[Tilesathome] Distributed server idea

Thu Jul 19 12:02:23 BST 2007

Hi,

> I sketched an idea, and put notes at:
> http://wiki.openstreetmap.org/index.php/Tiles%40home/ 
> Distributed_Server

I heard a talk by Richard Stallman once in which he said that the  
idea of user accounts and passwords was inherently fascist.

While I'd say that that was a bit over the top, I still detect a  
desire to "control" in the whole GPG key business here. The reason  
for this is mistrust vis-a-vis the participants in the project, which  
I believe is inappropriate and hurting the climate.

I do understand that such measures have to be put in place where  
system security is at risk, e.g. when you download packages from a  
Debian repository you really want to make sure the package is from a  
trusted source.

But we're talking about map images here, and the worst thing that can  
happen is someone defacing the map, which can be rectified quickly.  
It is like a public forum where there's a danger of people posting  
porn or inappropriate texts. It is like Wikipedia where you can  
replace an article by a porn image anytime. That can happen, and will  
happen, but there's no reason to build a whole control and  
authentication and verification structure just because of that. (Or,  
at least, we could leave the decision on how "fascist" they want to  
be with the tile servers because they are in charge, legally.)

Regarding distribution, yes, DNS is a cool idea.

The weak point with any distribution is knowing where to get the data  
from. You can either have the client request data from one specific  
server, and have the server act as a proxy/cache (this is what you  
would do if you had a proper server farm at one location), or you can  
have the server return HTTP redirects to where the content actually  
is (makes more sense in a world-wide distributed environment).

DNS has a proven record of good, fast database lookups. A DNS lookup  
is much, much faster than a HTTP server connection that get answered  
with a redirect message. So this is good.
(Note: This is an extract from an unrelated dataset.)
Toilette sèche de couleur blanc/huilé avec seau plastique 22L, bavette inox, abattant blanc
In detail it would probably  
look like this:

If renderer X renders tileset 1234,2345 and uploads to server Y, with  
Y being just any simple Apache setup anyone can install, then Y would  
afterwards notify a central DNS server that it now has this tileset.  
The central DNS server would from then on return Y's IP address for  
any queries like "1234-2345.tiles.openstreetmap.org". The clients  
(i.e. OpenLayers) would then have to use the proper host names for  
every tile, so whenever they request a tile that is within tileset  
1234,2345 they will request e.g. http:// 
1234-2345.tiles.openstreetmap.org/tiles/13/2468/4690.png, which  
automatically resolves to server Y.

This requires OpenLayers et al. to put that extra arithmetic in  
(calculating the hostname of a host where the tile will be found).
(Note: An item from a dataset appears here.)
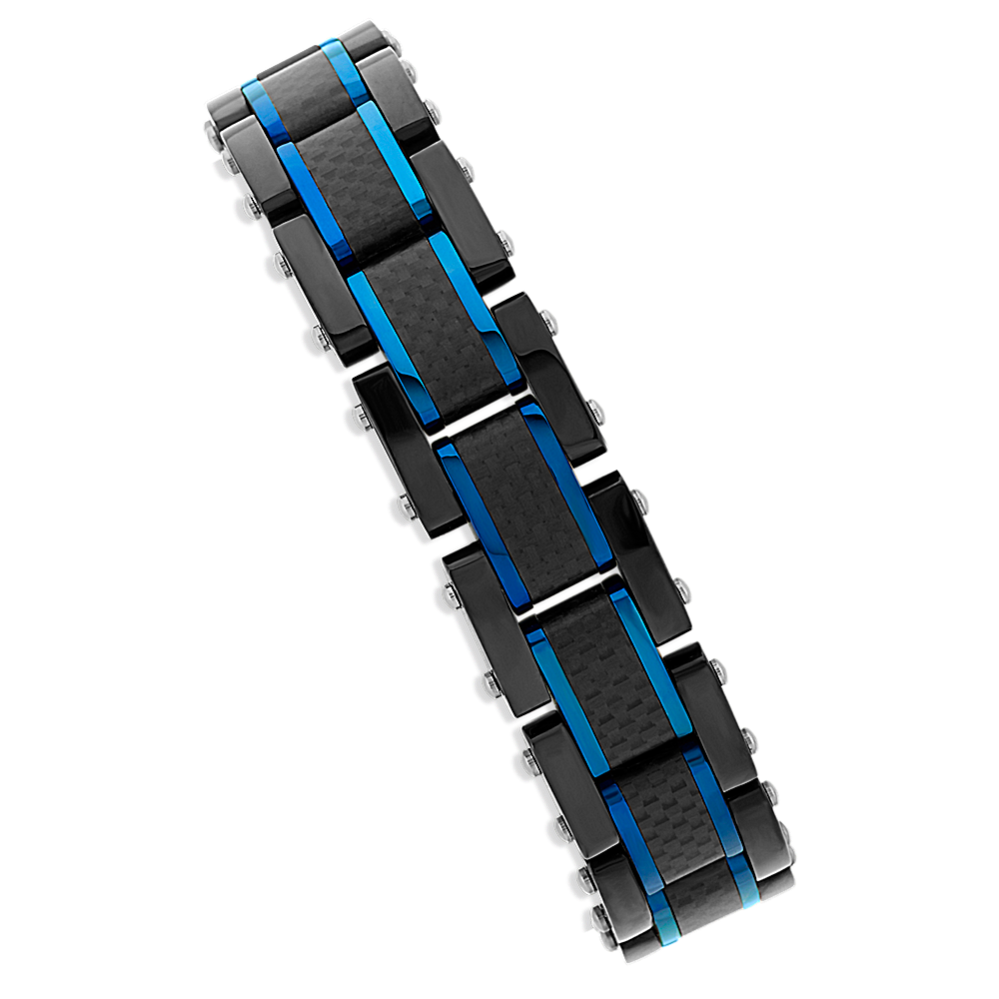8'' Mens Black and Blue Stainless Steel Bracelet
To support clients that cannot use the extra logic required here, we  
could still provide a redirection service (such a service can be run  
anywhere, by anyone) that answers to the standard HTTP requests like  
http://tiles.freds-own-server.com/tiles/13/2468/4690.png, does the  
computing and then EITHER fetches and returns the tile OR returns a  
HTTP redirect.

In a world like this, we would have:

* Rendering client - renders as usual, uploads to any tile server;  
either you have your own tile server, or you use a friends's, or some  
tile server that has been set up for your area, or whatever. I think  
that for the time being we can work with configured tile servers in  
the rendering clients, and only later may we require a sort of  
"please tell me where I can upload to" mechanism.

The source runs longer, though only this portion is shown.